START Data extract
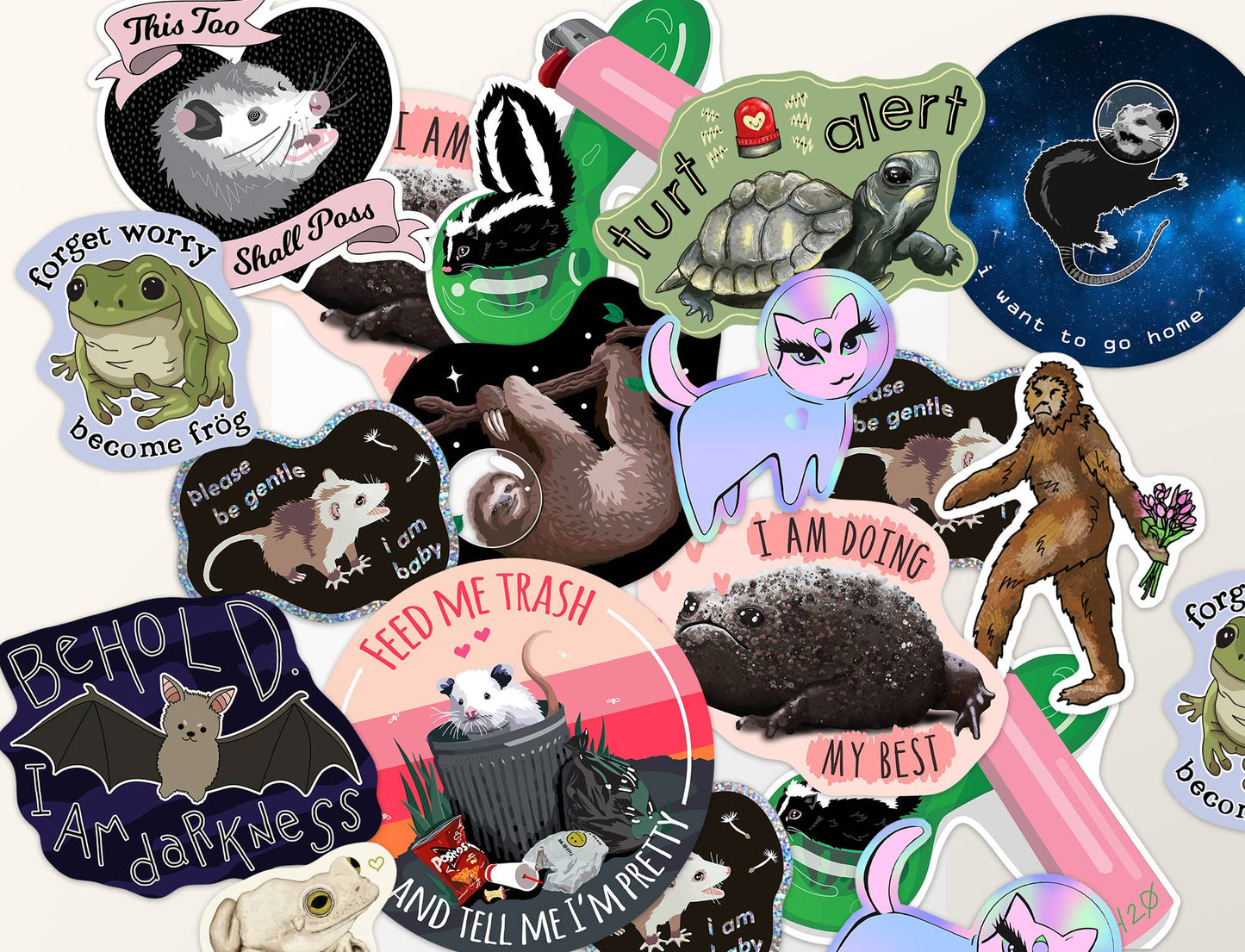 Bestselling Sticker Mix  - Funny Animals and More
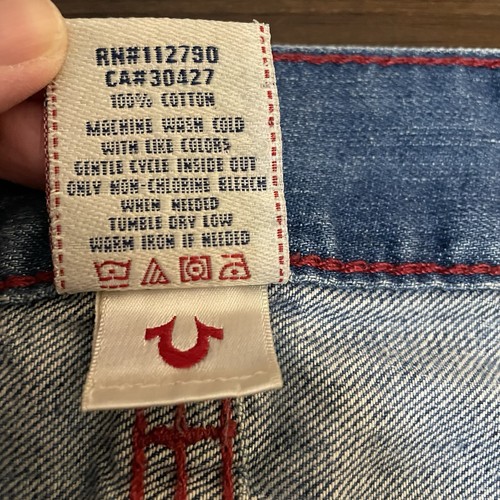 True Religion Ricky Big T Flap Straight Jeans Size 38 - Picture 8 of 11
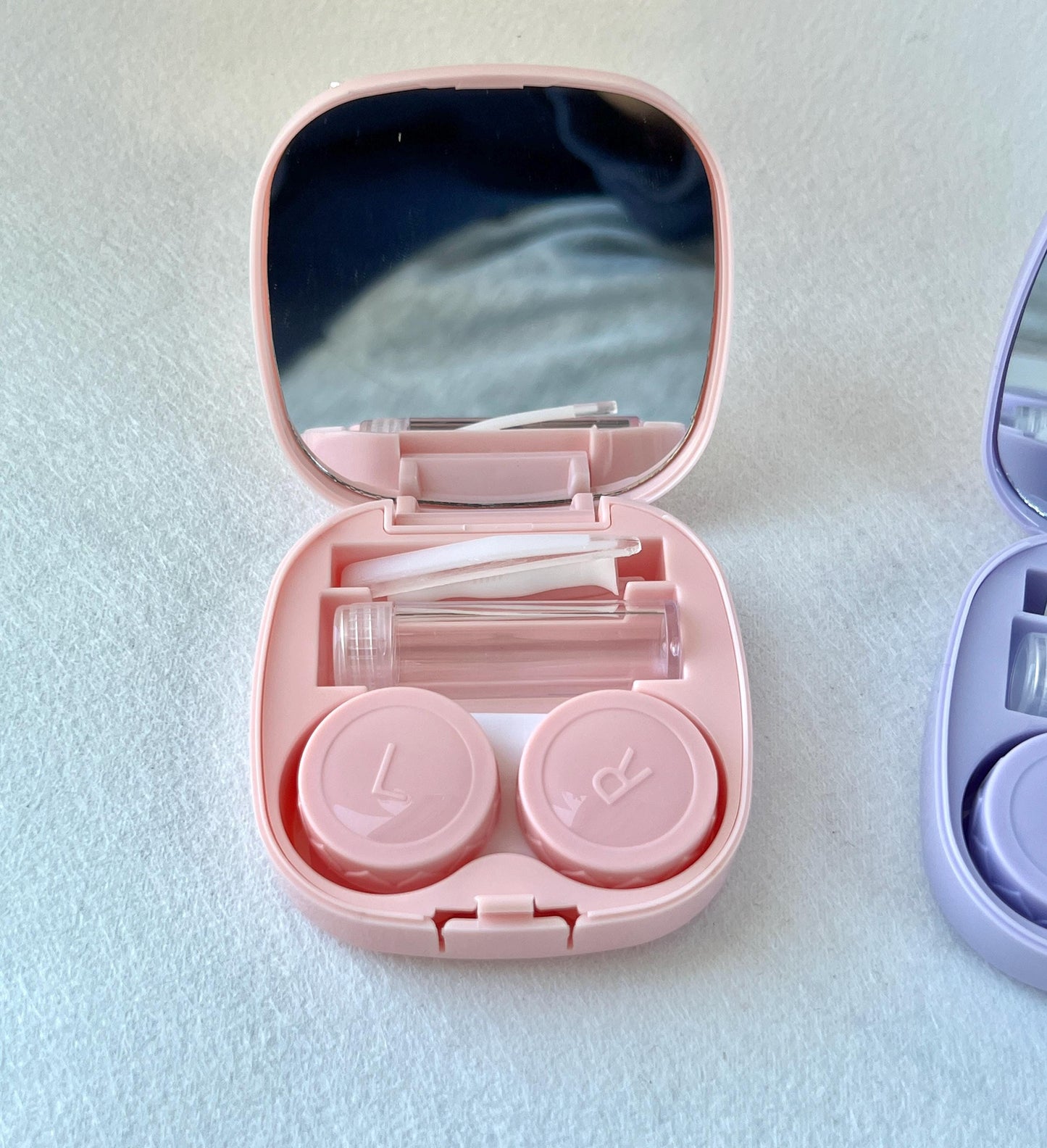 Contact Lens Case with Cute Food & Animal Charms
END Data extract
■ Task requirements: Write out the whole listing exactly, with no pictures.

■ Answer:
 Bestselling Sticker Mix  - Funny Animals and More
 True Religion Ricky Big T Flap Straight Jeans Size 38 - Picture 8 of 11
 Contact Lens Case with Cute Food & Animal Charms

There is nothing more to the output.